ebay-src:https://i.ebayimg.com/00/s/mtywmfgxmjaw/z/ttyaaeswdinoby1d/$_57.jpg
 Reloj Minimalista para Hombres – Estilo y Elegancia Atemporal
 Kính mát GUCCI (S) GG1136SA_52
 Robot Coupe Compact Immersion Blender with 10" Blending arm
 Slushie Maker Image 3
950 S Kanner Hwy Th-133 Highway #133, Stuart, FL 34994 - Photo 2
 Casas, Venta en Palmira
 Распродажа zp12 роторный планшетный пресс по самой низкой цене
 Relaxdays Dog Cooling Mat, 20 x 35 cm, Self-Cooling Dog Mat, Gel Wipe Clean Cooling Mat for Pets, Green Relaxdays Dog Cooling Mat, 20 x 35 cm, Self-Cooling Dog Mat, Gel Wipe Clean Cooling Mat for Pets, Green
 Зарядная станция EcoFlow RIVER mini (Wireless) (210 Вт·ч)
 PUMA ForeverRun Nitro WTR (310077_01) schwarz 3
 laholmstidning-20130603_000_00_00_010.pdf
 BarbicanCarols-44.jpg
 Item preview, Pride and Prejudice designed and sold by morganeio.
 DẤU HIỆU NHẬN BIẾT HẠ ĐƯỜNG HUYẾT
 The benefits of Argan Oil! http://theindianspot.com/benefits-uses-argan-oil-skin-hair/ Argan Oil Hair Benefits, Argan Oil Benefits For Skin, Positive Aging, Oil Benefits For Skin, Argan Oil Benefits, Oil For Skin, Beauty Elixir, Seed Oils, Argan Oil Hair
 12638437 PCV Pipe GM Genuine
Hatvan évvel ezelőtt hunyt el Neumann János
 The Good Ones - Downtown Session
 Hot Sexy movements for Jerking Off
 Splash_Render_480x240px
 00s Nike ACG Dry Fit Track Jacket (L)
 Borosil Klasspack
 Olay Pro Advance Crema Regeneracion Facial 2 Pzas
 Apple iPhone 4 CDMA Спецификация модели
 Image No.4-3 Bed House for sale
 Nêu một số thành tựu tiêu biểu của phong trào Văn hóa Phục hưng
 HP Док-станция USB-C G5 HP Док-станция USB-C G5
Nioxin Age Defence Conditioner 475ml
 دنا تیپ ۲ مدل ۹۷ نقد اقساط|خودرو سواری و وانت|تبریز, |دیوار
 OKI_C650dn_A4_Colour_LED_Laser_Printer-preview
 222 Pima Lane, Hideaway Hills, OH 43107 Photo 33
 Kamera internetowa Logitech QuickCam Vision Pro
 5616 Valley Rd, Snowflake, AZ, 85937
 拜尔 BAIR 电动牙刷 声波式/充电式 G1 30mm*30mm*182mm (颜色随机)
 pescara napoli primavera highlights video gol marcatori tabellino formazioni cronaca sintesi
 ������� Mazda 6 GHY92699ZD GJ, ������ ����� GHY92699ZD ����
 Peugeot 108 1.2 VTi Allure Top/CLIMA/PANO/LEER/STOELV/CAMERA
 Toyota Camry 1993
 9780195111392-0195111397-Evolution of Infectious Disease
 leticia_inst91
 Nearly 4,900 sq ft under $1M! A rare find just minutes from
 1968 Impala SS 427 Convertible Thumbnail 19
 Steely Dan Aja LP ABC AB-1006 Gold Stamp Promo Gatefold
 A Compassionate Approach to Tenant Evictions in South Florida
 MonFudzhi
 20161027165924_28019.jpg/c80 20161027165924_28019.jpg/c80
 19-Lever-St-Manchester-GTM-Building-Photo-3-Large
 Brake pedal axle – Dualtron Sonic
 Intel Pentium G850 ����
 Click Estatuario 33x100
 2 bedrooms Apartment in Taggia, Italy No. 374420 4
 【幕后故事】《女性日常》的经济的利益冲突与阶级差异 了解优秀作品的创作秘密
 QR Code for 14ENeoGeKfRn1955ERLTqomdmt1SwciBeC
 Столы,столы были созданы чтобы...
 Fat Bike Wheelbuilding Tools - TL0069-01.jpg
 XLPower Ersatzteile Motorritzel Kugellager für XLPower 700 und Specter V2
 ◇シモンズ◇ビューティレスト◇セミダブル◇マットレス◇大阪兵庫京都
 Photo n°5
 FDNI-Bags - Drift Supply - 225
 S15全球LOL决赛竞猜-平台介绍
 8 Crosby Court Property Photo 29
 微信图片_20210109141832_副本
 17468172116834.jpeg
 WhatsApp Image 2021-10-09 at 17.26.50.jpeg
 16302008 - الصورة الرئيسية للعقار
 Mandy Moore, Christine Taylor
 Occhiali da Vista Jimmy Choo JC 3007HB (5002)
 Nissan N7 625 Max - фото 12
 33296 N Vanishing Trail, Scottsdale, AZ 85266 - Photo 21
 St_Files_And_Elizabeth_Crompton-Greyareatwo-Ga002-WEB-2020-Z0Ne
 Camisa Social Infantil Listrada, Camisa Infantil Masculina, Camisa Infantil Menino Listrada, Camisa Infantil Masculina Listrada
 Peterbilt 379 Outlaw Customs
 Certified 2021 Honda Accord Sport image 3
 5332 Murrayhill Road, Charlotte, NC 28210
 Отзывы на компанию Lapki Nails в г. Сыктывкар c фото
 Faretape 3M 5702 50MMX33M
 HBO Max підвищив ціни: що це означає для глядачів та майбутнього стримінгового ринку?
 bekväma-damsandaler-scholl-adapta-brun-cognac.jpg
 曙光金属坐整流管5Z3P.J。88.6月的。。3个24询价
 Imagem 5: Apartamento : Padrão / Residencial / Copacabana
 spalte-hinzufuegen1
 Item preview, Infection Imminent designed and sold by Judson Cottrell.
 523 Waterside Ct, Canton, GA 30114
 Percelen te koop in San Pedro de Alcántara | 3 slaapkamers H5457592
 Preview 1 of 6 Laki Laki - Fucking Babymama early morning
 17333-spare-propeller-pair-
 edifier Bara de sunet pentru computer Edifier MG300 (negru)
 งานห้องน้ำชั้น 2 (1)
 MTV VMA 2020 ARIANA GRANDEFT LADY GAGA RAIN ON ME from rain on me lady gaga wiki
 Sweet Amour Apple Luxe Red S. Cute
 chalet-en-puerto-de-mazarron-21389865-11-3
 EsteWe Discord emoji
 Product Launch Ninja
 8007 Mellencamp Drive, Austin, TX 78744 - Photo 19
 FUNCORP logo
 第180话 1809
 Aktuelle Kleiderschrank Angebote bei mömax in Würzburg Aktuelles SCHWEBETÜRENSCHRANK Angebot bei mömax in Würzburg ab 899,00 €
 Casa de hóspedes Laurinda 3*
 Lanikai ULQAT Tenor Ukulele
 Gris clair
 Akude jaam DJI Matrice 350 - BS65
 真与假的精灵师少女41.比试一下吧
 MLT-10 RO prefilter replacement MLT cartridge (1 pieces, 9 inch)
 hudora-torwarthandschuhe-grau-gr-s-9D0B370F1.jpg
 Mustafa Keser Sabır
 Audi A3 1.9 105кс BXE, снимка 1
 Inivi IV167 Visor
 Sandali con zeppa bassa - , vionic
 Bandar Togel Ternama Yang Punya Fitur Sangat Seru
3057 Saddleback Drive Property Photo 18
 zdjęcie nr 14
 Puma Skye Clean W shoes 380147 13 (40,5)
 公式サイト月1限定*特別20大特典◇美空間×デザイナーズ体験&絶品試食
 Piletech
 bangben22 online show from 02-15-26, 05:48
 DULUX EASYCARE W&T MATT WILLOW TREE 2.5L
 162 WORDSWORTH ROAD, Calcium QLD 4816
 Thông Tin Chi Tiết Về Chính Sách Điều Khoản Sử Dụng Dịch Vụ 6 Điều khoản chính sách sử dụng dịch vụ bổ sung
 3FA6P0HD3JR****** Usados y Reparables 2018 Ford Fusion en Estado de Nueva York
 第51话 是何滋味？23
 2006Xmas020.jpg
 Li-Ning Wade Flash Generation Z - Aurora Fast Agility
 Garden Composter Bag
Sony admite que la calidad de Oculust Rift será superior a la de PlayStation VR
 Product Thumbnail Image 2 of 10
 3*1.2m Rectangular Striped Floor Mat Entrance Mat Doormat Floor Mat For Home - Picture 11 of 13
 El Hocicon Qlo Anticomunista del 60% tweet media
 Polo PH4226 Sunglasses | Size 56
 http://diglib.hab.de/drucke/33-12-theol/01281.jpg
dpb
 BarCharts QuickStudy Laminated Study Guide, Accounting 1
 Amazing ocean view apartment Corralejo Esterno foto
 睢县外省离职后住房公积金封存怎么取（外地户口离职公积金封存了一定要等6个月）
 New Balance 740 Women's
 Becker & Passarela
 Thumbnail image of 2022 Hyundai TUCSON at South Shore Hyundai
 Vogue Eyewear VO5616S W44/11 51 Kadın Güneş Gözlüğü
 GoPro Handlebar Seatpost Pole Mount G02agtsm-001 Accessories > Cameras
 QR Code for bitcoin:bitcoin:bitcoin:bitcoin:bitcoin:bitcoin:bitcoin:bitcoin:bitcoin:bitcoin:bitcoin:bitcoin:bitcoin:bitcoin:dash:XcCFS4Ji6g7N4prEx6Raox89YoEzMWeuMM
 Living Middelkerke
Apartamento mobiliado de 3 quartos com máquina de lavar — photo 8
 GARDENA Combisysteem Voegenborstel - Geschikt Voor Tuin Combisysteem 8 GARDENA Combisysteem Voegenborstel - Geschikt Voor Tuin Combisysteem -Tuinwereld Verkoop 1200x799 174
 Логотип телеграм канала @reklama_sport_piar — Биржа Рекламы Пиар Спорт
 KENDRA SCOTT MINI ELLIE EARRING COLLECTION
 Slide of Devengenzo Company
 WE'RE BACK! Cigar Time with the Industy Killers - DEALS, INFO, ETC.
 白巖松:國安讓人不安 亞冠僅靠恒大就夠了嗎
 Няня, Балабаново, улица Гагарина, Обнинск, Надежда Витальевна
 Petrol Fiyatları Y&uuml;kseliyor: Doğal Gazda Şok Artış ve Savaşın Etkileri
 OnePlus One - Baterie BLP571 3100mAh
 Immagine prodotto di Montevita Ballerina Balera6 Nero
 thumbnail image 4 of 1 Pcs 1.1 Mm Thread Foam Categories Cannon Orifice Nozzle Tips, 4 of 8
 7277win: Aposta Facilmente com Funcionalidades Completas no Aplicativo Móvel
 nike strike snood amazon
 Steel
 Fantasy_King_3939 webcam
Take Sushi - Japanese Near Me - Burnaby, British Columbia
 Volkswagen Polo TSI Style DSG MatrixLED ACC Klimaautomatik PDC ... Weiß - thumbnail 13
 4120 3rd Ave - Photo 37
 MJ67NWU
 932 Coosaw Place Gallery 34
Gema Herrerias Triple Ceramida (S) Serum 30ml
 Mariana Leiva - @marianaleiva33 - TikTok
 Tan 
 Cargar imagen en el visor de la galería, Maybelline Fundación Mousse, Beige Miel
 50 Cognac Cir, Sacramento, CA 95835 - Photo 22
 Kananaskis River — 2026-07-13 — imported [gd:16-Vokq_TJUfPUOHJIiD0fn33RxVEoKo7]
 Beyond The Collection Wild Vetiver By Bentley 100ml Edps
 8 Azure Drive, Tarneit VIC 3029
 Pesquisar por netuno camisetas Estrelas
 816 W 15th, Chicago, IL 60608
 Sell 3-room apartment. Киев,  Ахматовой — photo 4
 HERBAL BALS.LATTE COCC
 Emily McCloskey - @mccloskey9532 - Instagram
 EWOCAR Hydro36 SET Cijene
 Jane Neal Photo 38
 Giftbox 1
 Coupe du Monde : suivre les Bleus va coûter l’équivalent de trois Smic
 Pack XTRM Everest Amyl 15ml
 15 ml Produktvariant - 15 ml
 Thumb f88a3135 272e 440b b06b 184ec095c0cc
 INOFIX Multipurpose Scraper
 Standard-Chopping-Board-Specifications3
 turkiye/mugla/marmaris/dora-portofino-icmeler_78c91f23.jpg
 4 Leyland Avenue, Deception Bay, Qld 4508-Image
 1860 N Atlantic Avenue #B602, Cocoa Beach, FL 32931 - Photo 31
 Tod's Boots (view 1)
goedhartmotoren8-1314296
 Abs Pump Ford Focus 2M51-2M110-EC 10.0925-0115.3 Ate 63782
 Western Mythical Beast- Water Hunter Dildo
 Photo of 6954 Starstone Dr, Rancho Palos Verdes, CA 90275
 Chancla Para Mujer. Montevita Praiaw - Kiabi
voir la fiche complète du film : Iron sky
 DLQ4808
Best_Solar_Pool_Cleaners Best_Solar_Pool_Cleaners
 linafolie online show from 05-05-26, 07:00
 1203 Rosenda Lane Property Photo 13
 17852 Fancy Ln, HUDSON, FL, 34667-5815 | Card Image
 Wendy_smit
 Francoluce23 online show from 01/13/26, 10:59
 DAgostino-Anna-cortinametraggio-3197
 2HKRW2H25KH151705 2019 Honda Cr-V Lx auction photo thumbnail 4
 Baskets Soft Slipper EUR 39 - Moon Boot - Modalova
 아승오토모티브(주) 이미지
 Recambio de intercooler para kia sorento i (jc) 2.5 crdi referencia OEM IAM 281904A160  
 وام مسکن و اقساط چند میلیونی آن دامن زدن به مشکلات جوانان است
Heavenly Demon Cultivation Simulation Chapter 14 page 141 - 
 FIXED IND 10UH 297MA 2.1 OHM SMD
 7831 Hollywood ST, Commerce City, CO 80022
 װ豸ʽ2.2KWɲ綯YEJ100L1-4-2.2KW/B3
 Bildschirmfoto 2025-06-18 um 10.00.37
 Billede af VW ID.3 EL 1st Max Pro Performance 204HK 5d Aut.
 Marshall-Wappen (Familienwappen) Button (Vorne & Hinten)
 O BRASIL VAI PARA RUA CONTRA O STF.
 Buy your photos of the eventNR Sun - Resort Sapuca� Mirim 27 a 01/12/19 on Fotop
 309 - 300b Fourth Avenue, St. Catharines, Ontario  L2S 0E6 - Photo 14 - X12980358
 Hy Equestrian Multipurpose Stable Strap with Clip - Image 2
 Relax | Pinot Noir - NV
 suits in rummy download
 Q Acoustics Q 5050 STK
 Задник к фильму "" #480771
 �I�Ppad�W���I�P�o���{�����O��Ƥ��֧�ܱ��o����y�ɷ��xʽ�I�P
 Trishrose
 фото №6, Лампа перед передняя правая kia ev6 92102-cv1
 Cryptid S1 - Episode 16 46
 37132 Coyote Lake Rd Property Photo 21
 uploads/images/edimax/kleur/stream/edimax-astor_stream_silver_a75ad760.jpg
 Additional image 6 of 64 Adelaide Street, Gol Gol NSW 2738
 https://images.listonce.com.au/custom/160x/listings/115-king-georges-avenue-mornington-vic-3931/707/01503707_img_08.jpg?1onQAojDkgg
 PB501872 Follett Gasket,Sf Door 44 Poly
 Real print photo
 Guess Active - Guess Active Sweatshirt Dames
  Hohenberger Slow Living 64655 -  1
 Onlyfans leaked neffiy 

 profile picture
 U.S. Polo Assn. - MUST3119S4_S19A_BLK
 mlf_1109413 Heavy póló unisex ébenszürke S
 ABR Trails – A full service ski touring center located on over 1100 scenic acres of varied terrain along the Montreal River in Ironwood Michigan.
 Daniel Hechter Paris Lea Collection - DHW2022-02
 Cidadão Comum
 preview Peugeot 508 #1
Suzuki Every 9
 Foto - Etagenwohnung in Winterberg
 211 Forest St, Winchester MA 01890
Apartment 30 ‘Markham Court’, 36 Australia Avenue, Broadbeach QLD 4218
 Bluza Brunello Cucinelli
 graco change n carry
════
How to complete this task → The lines to show are those in the data above that include "Ford".

Task answer →
 3FA6P0HD3JR****** Usados y Reparables 2018 Ford Fusion en Estado de Nueva York
 Abs Pump Ford Focus 2M51-2M110-EC 10.0925-0115.3 Ate 63782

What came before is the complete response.